MVP-Wahl: Subjektive Entscheidung

Zwar lief nicht alles perfekt in der Saison, was die Quote von 16 aus 19 Extra-Punkten beweist, in einer kurzen Spielzeit trumpfte Moseley dennoch groß auf. Ein großer Aspekt, der am Ende zu seiner MVP-Nominierung führte, ist mit einem Stichwort zusammenzufassen: Clutchness. In den entscheidenden Momenten war Moseley zur Stelle und verhalf den Redskins am Ende zur ligabesten Bilanz von 8-1.

Dass so eine Wahl zum MVP zudem eine durchaus subjektive Entscheidung von Journalisten ist, wusste auch Moseley: "Ich glaube, dass, sobald ich nominiert wurde, ich so etwas Außergewöhnliches war, dass jeder für mich gestimmt hat." Dementsprechend überrascht war er anschließend über seinen Triumph: "Als man mir sagte, dass ich gewonnen hatte, war ich geschockt und sprachlos."

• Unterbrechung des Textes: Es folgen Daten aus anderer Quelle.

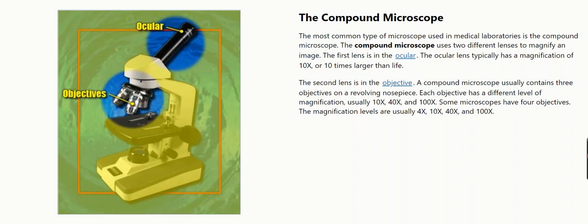The second lens is in the objective. A compound microscope usually contains three objectives on a revolving nose piece. Each objective has a different level of magnification, usually 10x, 40x, and 100x. Some microscopes have four objectives. The magnification levels are usually 4x, 10x, 40x, and 100x.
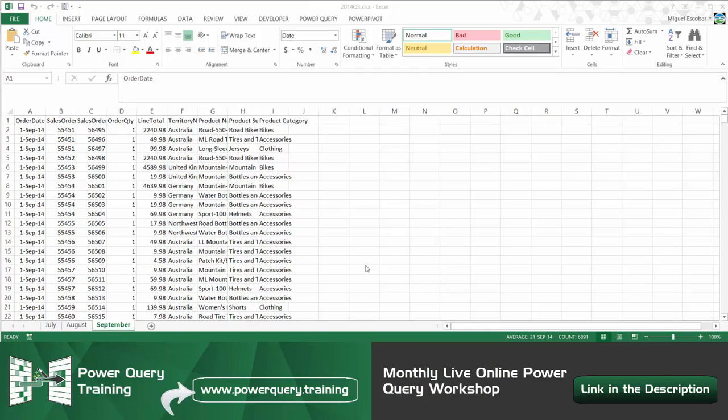Hello everyone! In this video we're going to be showing you the best and most optimal way to combine multiple tables using Power Query.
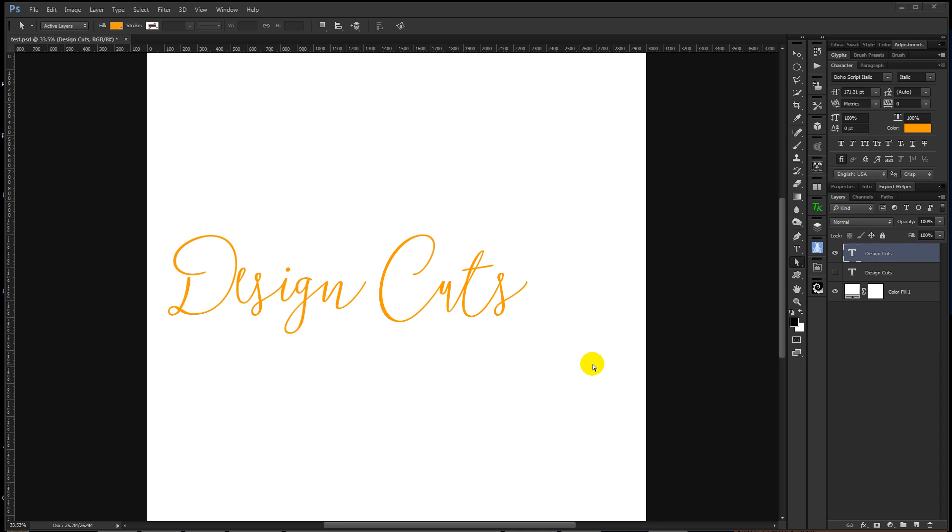So as many people know, in Illustrator you can create some text and then convert it to outlines, which then makes it into paths that you can edit and change your characters and letter shapes. But what a lot of people don't realize is that you can also do that in Photoshop. Let me show you a quick and easy way to do that with a couple different font styles.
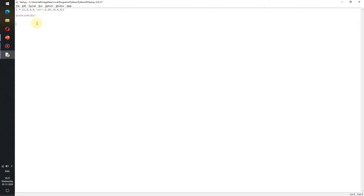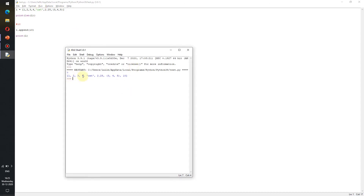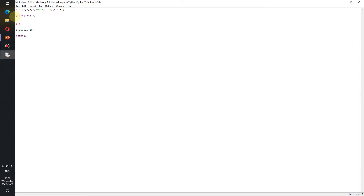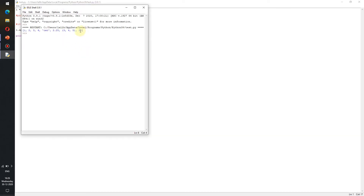Now let's say we want to add the number 10 to the end of the list. We do this using L.append(10). If we print L, save and run it, we get 1, 2, 3, 4, 'cat', 2.25, the tuple (3, 4, 5), and at the end of the list the extra number 10.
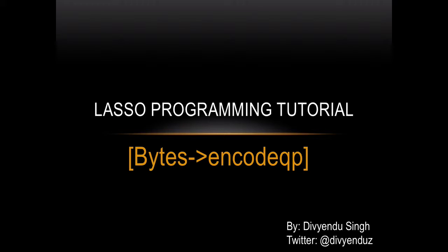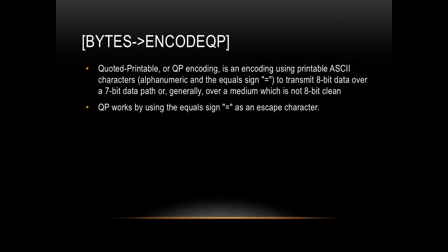In this tutorial, I will talk about the encode QP function of bytes object in Lasso programming. QP stands for quoted printable.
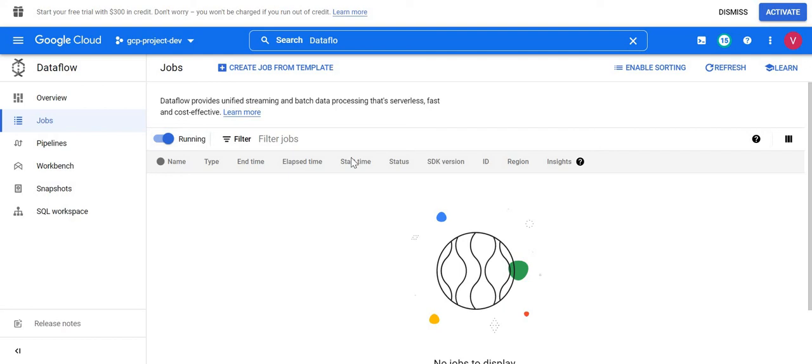Hello, welcome back to Tech Capture. As we discussed in our last video where we started with the data flow, today we are going to create a data flow job where a cloud storage file will be loaded into a BigQuery table using the data flow template. Here is the data flow UI when you open data flow, you land on this page — this is a job overview page.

Dabei gab es nicht einmal eine Trophäe für den heute 66-Jährigen, der stattdessen nur noch alte, eingerahmte Zeitungsartikel als "Auszeichnung" behalten hat: "Leute fragen mich immer, ob ich ihnen meine Trophäe zeigen könne. Aber ich habe keine. Damals gab es noch keine und alles was ich habe, ist die Titelseite der 'Washington Post'", sagte er in einem "ESPN"-Interview.

"Zur richtigen Zeit am richtigen Ort"

Dennoch kann Moseley die günstigen Umstände sehr realistisch einschätzen: "Ich realisiere jetzt, wie viel Glück ich hatte, der einzige Kicker, der je nominiert wurde, gewesen zu sein - unabhängig davon, auch zu gewinnen. Ich war zur richtigen Zeit am richtigen Ort."

Hinter Moseley landete in diesem Jahr Chargers-Quarterback Dan Fouts mit stolzen 320 Passing Yards pro Spiel. So viel gelang weder Ken Anderson, dem MVP von 1981, noch Joe Theisman, der die Auszeichnung 1983 erhielt. Auch das zeigt den Stellenwert von Moseleys Ehrung.

Eine weitere MVP-Nominierung gab es aber nicht mehr, trotz 161 Punkten in der darauffolgenden Saison. Vielleicht auch, weil das Thema Kicker als MVP bereits abgehakt war. "Keine Sensation - keine Wahl" schien die Devise zu sein. Und so ist Moseley bis heute der einzige Kicker, der je als MVP ausgezeichnet wurde.